_What is required_
Reproduce the listing exactly, with no pictures in your copy.

_Recorded information_
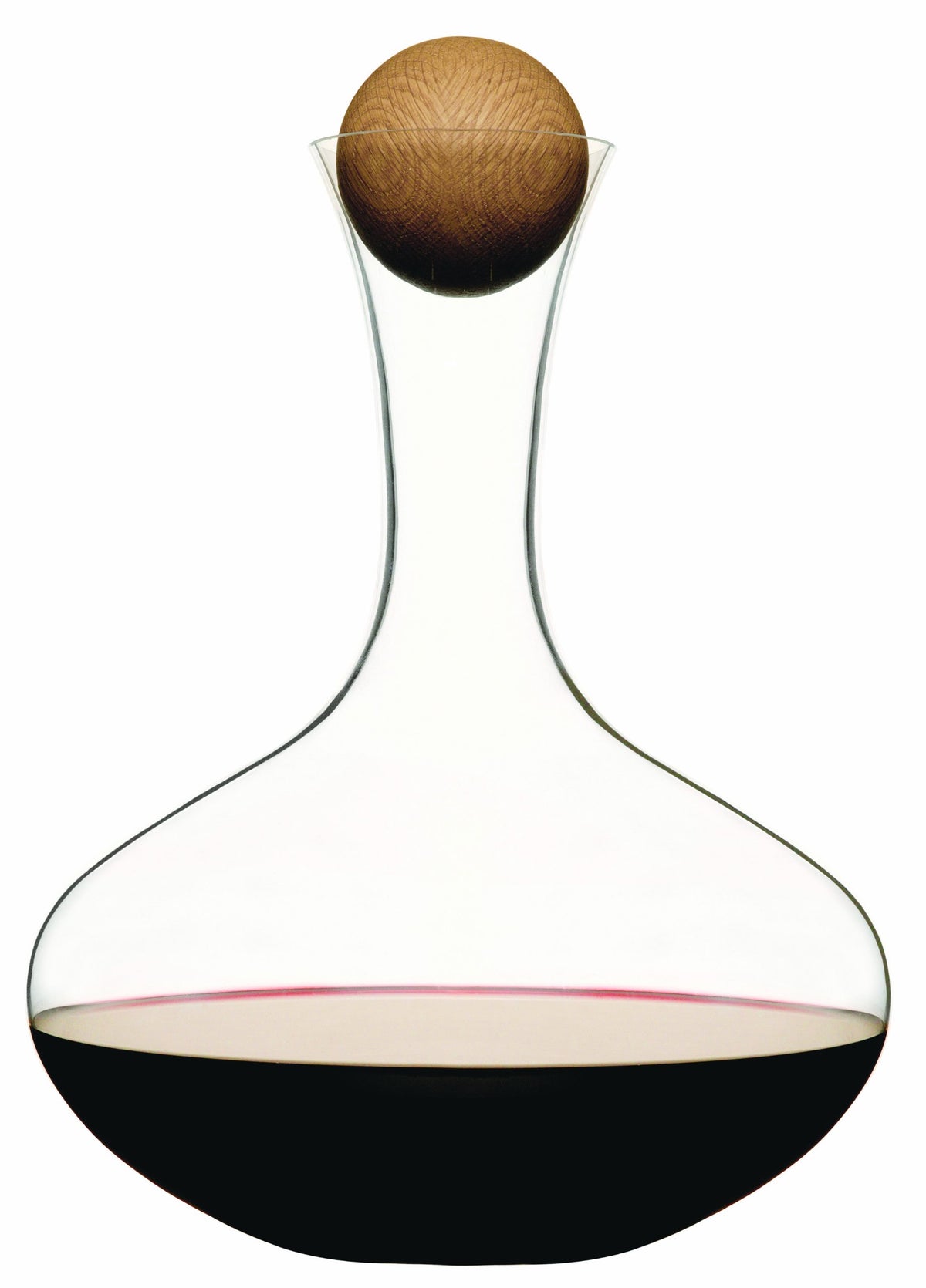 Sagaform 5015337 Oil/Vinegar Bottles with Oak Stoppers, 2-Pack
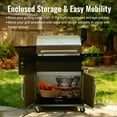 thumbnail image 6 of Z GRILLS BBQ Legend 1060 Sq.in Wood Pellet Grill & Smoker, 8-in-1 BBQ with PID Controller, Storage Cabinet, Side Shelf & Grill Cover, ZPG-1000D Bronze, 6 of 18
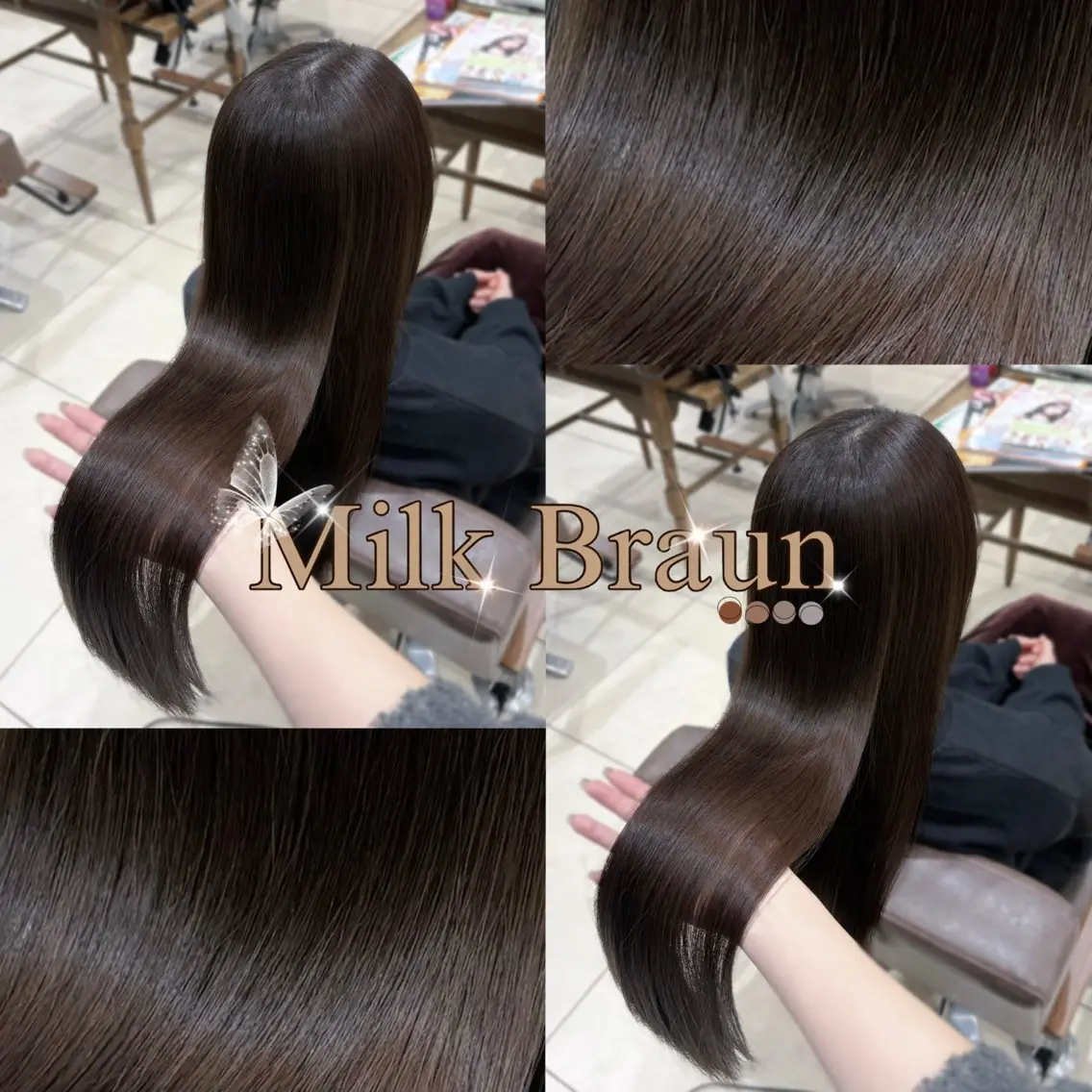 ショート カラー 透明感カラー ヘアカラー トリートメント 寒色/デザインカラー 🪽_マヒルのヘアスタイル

_Solution to this problem_
 Sagaform 5015337 Oil/Vinegar Bottles with Oak Stoppers, 2-Pack
 thumbnail image 6 of Z GRILLS BBQ Legend 1060 Sq.in Wood Pellet Grill & Smoker, 8-in-1 BBQ with PID Controller, Storage Cabinet, Side Shelf & Grill Cover, ZPG-1000D Bronze, 6 of 18
 ショート カラー 透明感カラー ヘアカラー トリートメント 寒色/デザインカラー 🪽_マヒルのヘアスタイル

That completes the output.